Prisioneros en aquella nasa, los asaltantes recibieron una lluvia de mortíferos proyectiles.
Ninguno consiguió huir, pues una escuadra egipcia, que los atacaba por detrás, había levantado el puente levadizo. Triah fue el último en morir, con el cuerpo atravesado por una decena de flechas.
Shab el Retorcido se atrevió a despertar al Anunciador.
—Perdonadme, señor, pero el príncipe de Kush acaba de atacar la fortaleza de Buhen.
—¡El muy imbécil! Demasiado pronto, demasiado pronto.
—Se drogó durante horas y decidió vengarse por una requisa de asnos.
—Ese degenerado ha cometido un grave error.
—Tal vez haya tenido éxito y haya dañado seriamente las defensas enemigas.
Seguido por Bina, fresca y graciosa, el Anunciador llegó a la zona desértica cercana a Buhen.
La ciudadela parecía intacta.
Unos soldados egipcios sacaban cadáveres de kushitas y los amontonaban antes de quemarlos. El de Triah sufrió un castigo idéntico.
—Un verdadero desastre —comprobó el Retorcido, desilusionado.
El ejército nubio, con el que el Anunciador contaba para enfrentarse al de Sesostris, había sido aniquilado.
—No nos quedemos aquí, señor. Volvamos a Menfis. Allí estaréis seguro.
—Olvidas el vientre de piedra. Embriagado por su victoria, Sesostris intentará cruzarlo y conquistar los territorios que se encuentran más allá.
—¿Conseguiremos rechazar su ataque, aun con la ayuda de la leona?
—No lo dudes, mi buen amigo. Sólo es un faraón, yo soy el Anunciador. Su reinado concluye, el mío comienza. ¿Acaso un incidente tan pequeño hace vacilar tu fe?
Shab el Retorcido se avergonzó de sí mismo.

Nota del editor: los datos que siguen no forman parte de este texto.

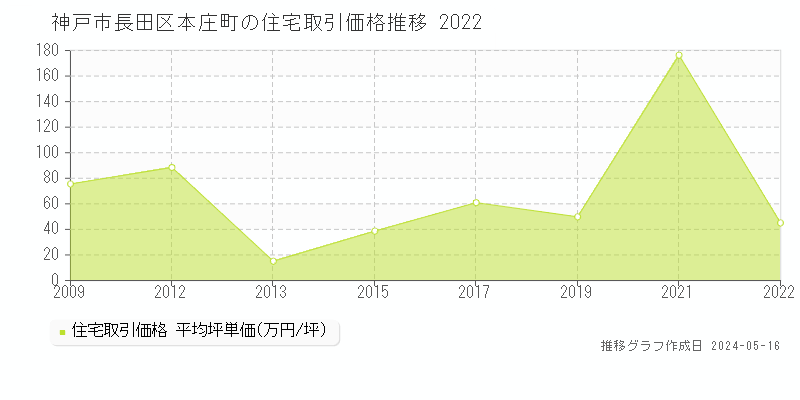 神戸市長田区本庄町の住宅価格推移グラフ 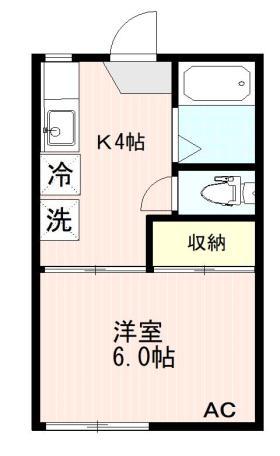 AVENUE FLAT B(1K/1階)の間取り写真
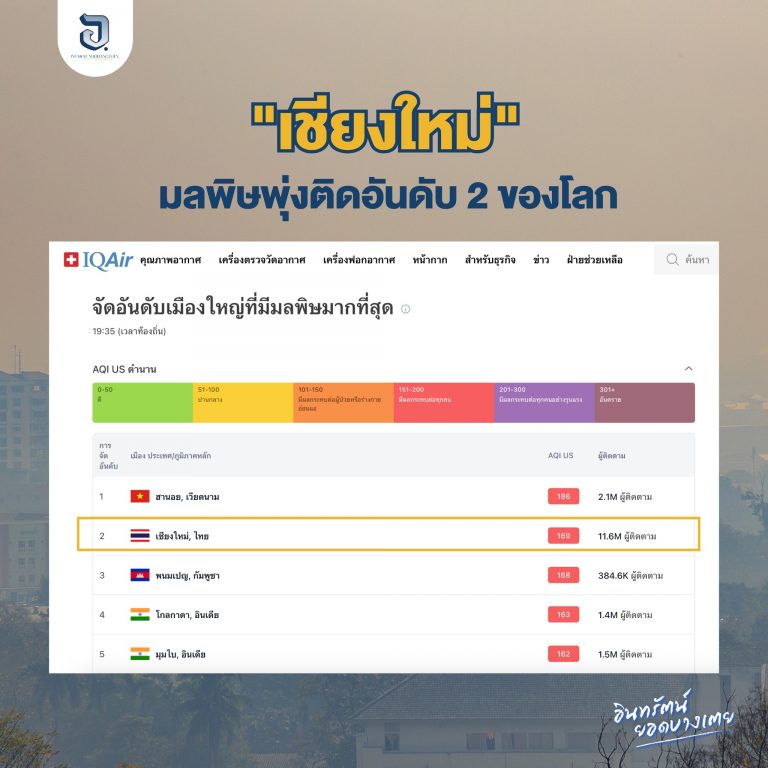 เชียงใหม่จมพิษฝุ่น ค่า PM 2.5 พุ่งระดับสีแดง ติดอันดับ 2 ของโลก  .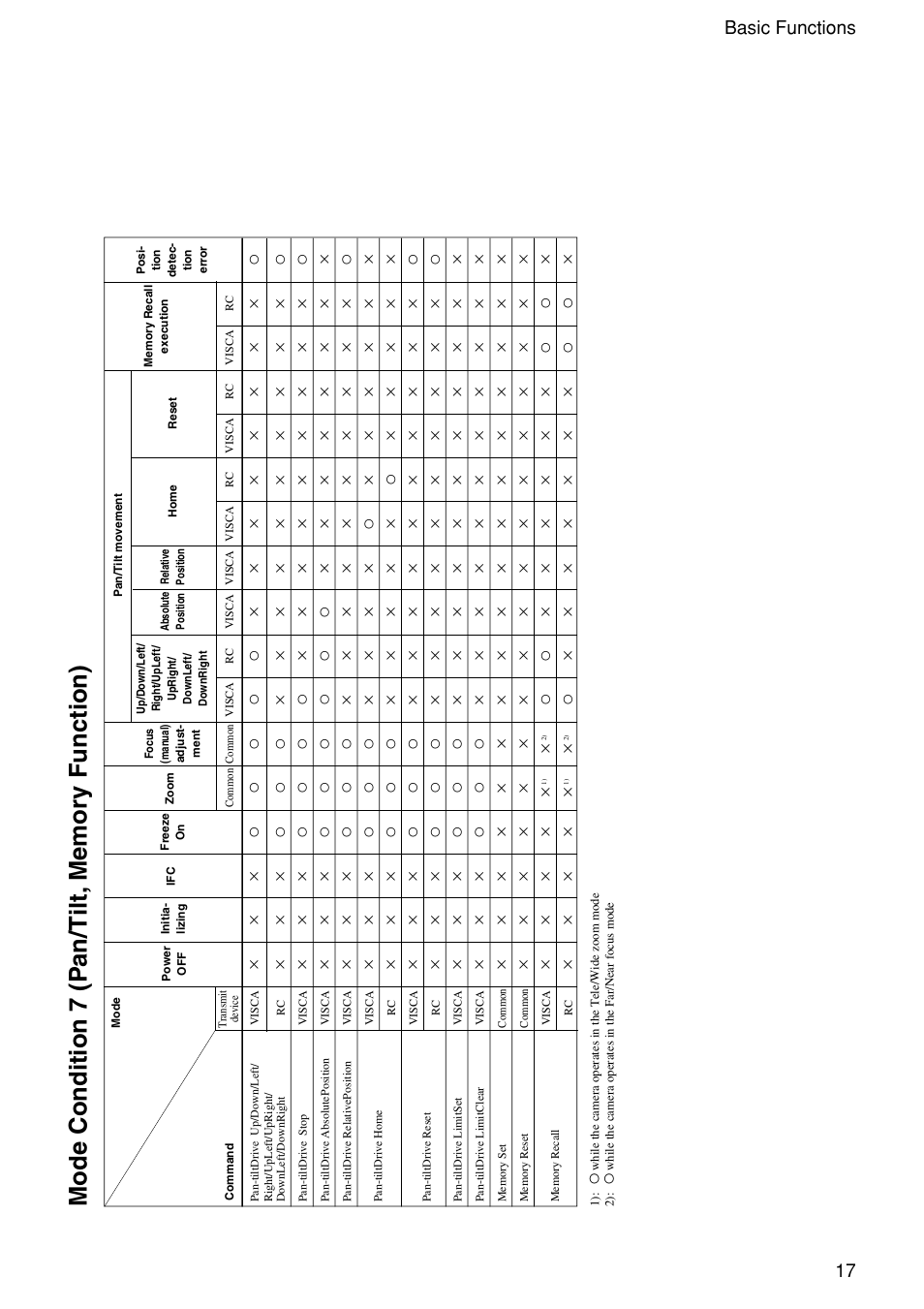 17 basic functions | Sony EVI-D100 User Manual | Page 17 / 48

—Tengo que hacer tantos progresos aún, señor. No me lo reprochéis.
—Te perdono.
De regreso a su campamento, el Anunciador interrogó a Jeta-de-través sobre la posición de los egipcios. La mayor parte de los soldados vivían en Buhen, pero un destacamento custodiaba un islote próximo, lugar donde se reparaban barcos.
—Mata a todos los que estén allí e incendia esos navíos —ordenó el Anunciador—. Sesostris comprenderá que la resistencia está muy lejos de haberse agotado. Su intendencia quedará desorganizada y esa inesperada derrota ensombrecerá la moral de los soldados.
—Voy a divertirme —prometió Jeta-de-través, encantado de pasar a la acción.